Collected data:
•••

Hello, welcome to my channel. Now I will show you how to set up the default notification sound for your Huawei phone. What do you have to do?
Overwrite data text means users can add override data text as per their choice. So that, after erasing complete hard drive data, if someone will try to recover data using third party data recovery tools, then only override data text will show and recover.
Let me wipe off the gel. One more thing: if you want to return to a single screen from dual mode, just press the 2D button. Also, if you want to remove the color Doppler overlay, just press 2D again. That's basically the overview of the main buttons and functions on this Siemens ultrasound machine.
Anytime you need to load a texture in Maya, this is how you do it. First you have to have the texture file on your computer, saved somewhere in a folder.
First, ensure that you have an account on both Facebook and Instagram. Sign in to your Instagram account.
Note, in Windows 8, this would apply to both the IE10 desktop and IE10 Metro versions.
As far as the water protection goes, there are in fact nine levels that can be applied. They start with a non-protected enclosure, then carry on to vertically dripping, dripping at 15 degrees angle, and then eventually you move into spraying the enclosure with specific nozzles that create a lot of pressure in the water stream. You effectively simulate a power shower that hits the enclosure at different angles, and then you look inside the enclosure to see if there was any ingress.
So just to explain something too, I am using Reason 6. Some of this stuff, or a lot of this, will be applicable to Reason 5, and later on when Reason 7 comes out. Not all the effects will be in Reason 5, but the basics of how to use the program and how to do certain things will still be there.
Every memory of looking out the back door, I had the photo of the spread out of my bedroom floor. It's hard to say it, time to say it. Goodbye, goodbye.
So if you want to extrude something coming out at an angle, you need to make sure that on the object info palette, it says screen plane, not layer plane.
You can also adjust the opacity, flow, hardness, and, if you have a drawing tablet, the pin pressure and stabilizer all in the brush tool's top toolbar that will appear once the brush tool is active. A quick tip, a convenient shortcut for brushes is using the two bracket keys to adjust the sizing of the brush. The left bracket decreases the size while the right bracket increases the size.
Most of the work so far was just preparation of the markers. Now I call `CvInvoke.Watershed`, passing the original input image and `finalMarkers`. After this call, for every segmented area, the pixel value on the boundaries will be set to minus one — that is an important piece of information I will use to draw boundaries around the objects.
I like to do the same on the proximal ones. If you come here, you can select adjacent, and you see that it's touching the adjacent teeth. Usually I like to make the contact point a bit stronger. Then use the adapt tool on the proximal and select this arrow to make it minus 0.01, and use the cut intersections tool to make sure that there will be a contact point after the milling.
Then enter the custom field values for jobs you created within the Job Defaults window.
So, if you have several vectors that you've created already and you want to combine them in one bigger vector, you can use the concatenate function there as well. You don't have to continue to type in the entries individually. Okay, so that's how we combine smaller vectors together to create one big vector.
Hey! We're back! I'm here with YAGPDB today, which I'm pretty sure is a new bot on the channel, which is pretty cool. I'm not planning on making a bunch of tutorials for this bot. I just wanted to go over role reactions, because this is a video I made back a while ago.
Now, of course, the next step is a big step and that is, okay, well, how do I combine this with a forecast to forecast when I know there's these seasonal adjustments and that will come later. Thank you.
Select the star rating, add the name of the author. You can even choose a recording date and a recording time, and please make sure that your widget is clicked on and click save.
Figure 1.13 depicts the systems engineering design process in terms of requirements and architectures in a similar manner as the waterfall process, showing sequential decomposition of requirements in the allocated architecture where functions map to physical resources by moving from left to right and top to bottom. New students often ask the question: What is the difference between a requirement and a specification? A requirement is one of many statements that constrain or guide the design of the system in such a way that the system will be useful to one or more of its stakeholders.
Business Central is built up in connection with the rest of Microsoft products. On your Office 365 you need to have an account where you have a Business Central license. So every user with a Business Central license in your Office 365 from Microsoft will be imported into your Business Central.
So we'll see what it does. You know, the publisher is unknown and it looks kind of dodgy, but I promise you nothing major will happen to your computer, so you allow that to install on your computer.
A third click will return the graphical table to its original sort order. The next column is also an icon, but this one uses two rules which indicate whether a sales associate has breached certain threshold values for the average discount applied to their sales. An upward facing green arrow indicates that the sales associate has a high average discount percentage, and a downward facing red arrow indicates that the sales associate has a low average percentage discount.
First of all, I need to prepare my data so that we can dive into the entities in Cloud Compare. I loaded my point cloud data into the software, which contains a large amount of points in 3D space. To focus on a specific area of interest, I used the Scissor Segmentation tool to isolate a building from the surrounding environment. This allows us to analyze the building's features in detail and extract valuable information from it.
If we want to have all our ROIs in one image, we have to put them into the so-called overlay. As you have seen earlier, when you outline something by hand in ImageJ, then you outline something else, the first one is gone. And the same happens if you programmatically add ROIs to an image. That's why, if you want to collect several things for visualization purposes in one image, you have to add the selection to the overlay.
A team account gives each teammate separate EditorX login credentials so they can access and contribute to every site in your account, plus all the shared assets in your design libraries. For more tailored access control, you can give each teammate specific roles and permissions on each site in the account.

•••

What is expected: All the records above need to be restated exactly, line by line.

Exercise answer:
Hello, welcome to my channel. Now I will show you how to set up the default notification sound for your Huawei phone. What do you have to do?
Overwrite data text means users can add override data text as per their choice. So that, after erasing complete hard drive data, if someone will try to recover data using third party data recovery tools, then only override data text will show and recover.
Let me wipe off the gel. One more thing: if you want to return to a single screen from dual mode, just press the 2D button. Also, if you want to remove the color Doppler overlay, just press 2D again. That's basically the overview of the main buttons and functions on this Siemens ultrasound machine.
Anytime you need to load a texture in Maya, this is how you do it. First you have to have the texture file on your computer, saved somewhere in a folder.
First, ensure that you have an account on both Facebook and Instagram. Sign in to your Instagram account.
Note, in Windows 8, this would apply to both the IE10 desktop and IE10 Metro versions.
As far as the water protection goes, there are in fact nine levels that can be applied. They start with a non-protected enclosure, then carry on to vertically dripping, dripping at 15 degrees angle, and then eventually you move into spraying the enclosure with specific nozzles that create a lot of pressure in the water stream. You effectively simulate a power shower that hits the enclosure at different angles, and then you look inside the enclosure to see if there was any ingress.
So just to explain something too, I am using Reason 6. Some of this stuff, or a lot of this, will be applicable to Reason 5, and later on when Reason 7 comes out. Not all the effects will be in Reason 5, but the basics of how to use the program and how to do certain things will still be there.
Every memory of looking out the back door, I had the photo of the spread out of my bedroom floor. It's hard to say it, time to say it. Goodbye, goodbye.
So if you want to extrude something coming out at an angle, you need to make sure that on the object info palette, it says screen plane, not layer plane.
You can also adjust the opacity, flow, hardness, and, if you have a drawing tablet, the pin pressure and stabilizer all in the brush tool's top toolbar that will appear once the brush tool is active. A quick tip, a convenient shortcut for brushes is using the two bracket keys to adjust the sizing of the brush. The left bracket decreases the size while the right bracket increases the size.
Most of the work so far was just preparation of the markers. Now I call `CvInvoke.Watershed`, passing the original input image and `finalMarkers`. After this call, for every segmented area, the pixel value on the boundaries will be set to minus one — that is an important piece of information I will use to draw boundaries around the objects.
I like to do the same on the proximal ones. If you come here, you can select adjacent, and you see that it's touching the adjacent teeth. Usually I like to make the contact point a bit stronger. Then use the adapt tool on the proximal and select this arrow to make it minus 0.01, and use the cut intersections tool to make sure that there will be a contact point after the milling.
Then enter the custom field values for jobs you created within the Job Defaults window.
So, if you have several vectors that you've created already and you want to combine them in one bigger vector, you can use the concatenate function there as well. You don't have to continue to type in the entries individually. Okay, so that's how we combine smaller vectors together to create one big vector.
Hey! We're back! I'm here with YAGPDB today, which I'm pretty sure is a new bot on the channel, which is pretty cool. I'm not planning on making a bunch of tutorials for this bot. I just wanted to go over role reactions, because this is a video I made back a while ago.
Now, of course, the next step is a big step and that is, okay, well, how do I combine this with a forecast to forecast when I know there's these seasonal adjustments and that will come later. Thank you.
Select the star rating, add the name of the author. You can even choose a recording date and a recording time, and please make sure that your widget is clicked on and click save.
Figure 1.13 depicts the systems engineering design process in terms of requirements and architectures in a similar manner as the waterfall process, showing sequential decomposition of requirements in the allocated architecture where functions map to physical resources by moving from left to right and top to bottom. New students often ask the question: What is the difference between a requirement and a specification? A requirement is one of many statements that constrain or guide the design of the system in such a way that the system will be useful to one or more of its stakeholders.
Business Central is built up in connection with the rest of Microsoft products. On your Office 365 you need to have an account where you have a Business Central license. So every user with a Business Central license in your Office 365 from Microsoft will be imported into your Business Central.
So we'll see what it does. You know, the publisher is unknown and it looks kind of dodgy, but I promise you nothing major will happen to your computer, so you allow that to install on your computer.
A third click will return the graphical table to its original sort order. The next column is also an icon, but this one uses two rules which indicate whether a sales associate has breached certain threshold values for the average discount applied to their sales. An upward facing green arrow indicates that the sales associate has a high average discount percentage, and a downward facing red arrow indicates that the sales associate has a low average percentage discount.
First of all, I need to prepare my data so that we can dive into the entities in Cloud Compare. I loaded my point cloud data into the software, which contains a large amount of points in 3D space. To focus on a specific area of interest, I used the Scissor Segmentation tool to isolate a building from the surrounding environment. This allows us to analyze the building's features in detail and extract valuable information from it.
If we want to have all our ROIs in one image, we have to put them into the so-called overlay. As you have seen earlier, when you outline something by hand in ImageJ, then you outline something else, the first one is gone. And the same happens if you programmatically add ROIs to an image. That's why, if you want to collect several things for visualization purposes in one image, you have to add the selection to the overlay.
A team account gives each teammate separate EditorX login credentials so they can access and contribute to every site in your account, plus all the shared assets in your design libraries. For more tailored access control, you can give each teammate specific roles and permissions on each site in the account.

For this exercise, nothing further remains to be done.